### ACTIVITY
Please write every entry out again, exactly as it reads below.

*** SOURCE INFORMATION Section Begins ***

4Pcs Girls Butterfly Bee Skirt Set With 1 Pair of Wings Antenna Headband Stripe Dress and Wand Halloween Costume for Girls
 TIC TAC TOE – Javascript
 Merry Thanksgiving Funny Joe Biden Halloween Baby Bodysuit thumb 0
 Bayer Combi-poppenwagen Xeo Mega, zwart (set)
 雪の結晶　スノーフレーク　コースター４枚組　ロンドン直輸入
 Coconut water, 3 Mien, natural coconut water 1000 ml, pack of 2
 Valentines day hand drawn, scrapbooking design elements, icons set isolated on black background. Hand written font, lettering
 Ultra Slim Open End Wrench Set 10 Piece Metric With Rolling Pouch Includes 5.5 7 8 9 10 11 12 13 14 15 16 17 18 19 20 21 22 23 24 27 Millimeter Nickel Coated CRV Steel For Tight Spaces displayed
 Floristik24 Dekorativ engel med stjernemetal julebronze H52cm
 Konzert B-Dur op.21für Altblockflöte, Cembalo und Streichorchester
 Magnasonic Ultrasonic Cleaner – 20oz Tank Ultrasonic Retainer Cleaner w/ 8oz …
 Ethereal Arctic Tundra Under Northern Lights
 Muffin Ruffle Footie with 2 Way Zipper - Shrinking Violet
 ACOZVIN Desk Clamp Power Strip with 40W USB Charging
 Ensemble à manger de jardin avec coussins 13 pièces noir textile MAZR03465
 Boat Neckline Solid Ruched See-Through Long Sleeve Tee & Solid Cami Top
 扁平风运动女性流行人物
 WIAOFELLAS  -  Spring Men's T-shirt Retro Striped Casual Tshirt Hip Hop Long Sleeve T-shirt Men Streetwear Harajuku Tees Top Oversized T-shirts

*** SOURCE INFORMATION Section Ends ***

### THE ANSWER
4Pcs Girls Butterfly Bee Skirt Set With 1 Pair of Wings Antenna Headband Stripe Dress and Wand Halloween Costume for Girls
 TIC TAC TOE – Javascript
 Merry Thanksgiving Funny Joe Biden Halloween Baby Bodysuit thumb 0
 Bayer Combi-poppenwagen Xeo Mega, zwart (set)
 雪の結晶　スノーフレーク　コースター４枚組　ロンドン直輸入
 Coconut water, 3 Mien, natural coconut water 1000 ml, pack of 2
 Valentines day hand drawn, scrapbooking design elements, icons set isolated on black background. Hand written font, lettering
 Ultra Slim Open End Wrench Set 10 Piece Metric With Rolling Pouch Includes 5.5 7 8 9 10 11 12 13 14 15 16 17 18 19 20 21 22 23 24 27 Millimeter Nickel Coated CRV Steel For Tight Spaces displayed
 Floristik24 Dekorativ engel med stjernemetal julebronze H52cm
 Konzert B-Dur op.21für Altblockflöte, Cembalo und Streichorchester
 Magnasonic Ultrasonic Cleaner – 20oz Tank Ultrasonic Retainer Cleaner w/ 8oz …
 Ethereal Arctic Tundra Under Northern Lights
 Muffin Ruffle Footie with 2 Way Zipper - Shrinking Violet
 ACOZVIN Desk Clamp Power Strip with 40W USB Charging
 Ensemble à manger de jardin avec coussins 13 pièces noir textile MAZR03465
 Boat Neckline Solid Ruched See-Through Long Sleeve Tee & Solid Cami Top
 扁平风运动女性流行人物
 WIAOFELLAS  -  Spring Men's T-shirt Retro Striped Casual Tshirt Hip Hop Long Sleeve T-shirt Men Streetwear Harajuku Tees Top Oversized T-shirts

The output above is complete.